The custom node east_ocr can be built inside a docker container via the following procedure:
go to the directory with custom node examples src/custom_node
run
make
command:
git clone https://github.com/openvinotoolkit/model_server.git
cd model_server/src/custom_nodes
# replace to 'redhat` if using UBI base image
export BASE_OS=ubuntu
make NODES=east_ocr BASE_OS=${BASE_OS}
cd ../../../
This command will export the compiled library in ./lib
folder. Copy this lib
folder to the same location with text-recognition
and east_icdar2015_resnet_v1_50_rbox
.
mkdir -p OCR/east_fp32 OCR/lib
cp -R model_server/src/custom_nodes/lib/${BASE_OS}/libcustom_node_east_ocr.so OCR/lib/
cp -R text-recognition OCR/text-recognition
cp -R EAST/IR/1 OCR/east_fp32/1
OVMS Configuration File¶
The configuration file for running the OCR demo is stored in config.json Copy this file along with the model files and the custom node library like presented below:
cp model_server/demos/optical_character_recognition/python/config.json OCR
OCR
├── config.json
├── east_fp32
│ └── 1
│ ├── model.bin
│ └── model.xml
├── lib
│ └── libcustom_node_east_ocr.so
└── text-recognition
└── 1
├── model.bin
└── model.xml
NOTE: east_fp32 model created before 2022.1 requires additional parameters in config.json:
layout: {"input_images": "NHWC:NCHW", "feature_fusion/Conv_7/Sigmoid": "NHWC:NCHW", "feature_fusion/concat_3": "NHWC:NCHW"}
Deploying OVMS¶
Deploy OVMS with OCR demo pipeline using the following command:
docker run -p 9000:9000 -d -v ${PWD}/OCR:/OCR openvino/model_server --config_path /OCR/config.json --port 9000
Requesting the Service¶
Enter optical_character_recognition directory
cd model_server/demos/optical_character_recognition/python
Install python dependencies:
pip3 install -r requirements.txt
Now you can create a directory for text images and run the client:
mkdir results
python3 optical_character_recognition.py --grpc_port 9000 --image_input_path demo_images//home/jenkins/agent/workspace/openvino/documentation/sphinx/generate-documentation-2022.3/openvino/build/docs/ovms/demos/optical_character_recognition/python/input.jpg --pipeline_name detect_text_images --text_images_save_path ./results/ --image_layout NHWC
Output: name[confidence_levels]
numpy => shape[(9, 1, 1)] data[float32]
Output: name[texts]
numpy => shape[(9, 16, 1, 37)] data[float32]
performance
gdansk
server
model
openvino
pipeline
2021
intel
rotations
Output: name[text_images]
numpy => shape[(9, 1, 32, 128, 1)] data[float32]

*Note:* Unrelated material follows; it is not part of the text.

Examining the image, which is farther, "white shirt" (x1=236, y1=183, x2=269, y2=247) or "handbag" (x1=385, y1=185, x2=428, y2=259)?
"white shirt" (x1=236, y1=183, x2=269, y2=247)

Output: name[text_coordinates]
numpy => shape[(9, 1, 4)] data[int32]
With additional parameter --text_images_save_path
the client script saves all detected text images to jpeg files into directory path to confirm if the image was analyzed correctly.
Below is the exemplary input image.
The custom node generates the following text images retrieved from the original input to CRNN model:
Accurracy¶
Please note that it is possible to swap the models included in DAG with your own to adjust pipeline accuracy for various scenarios and datasets.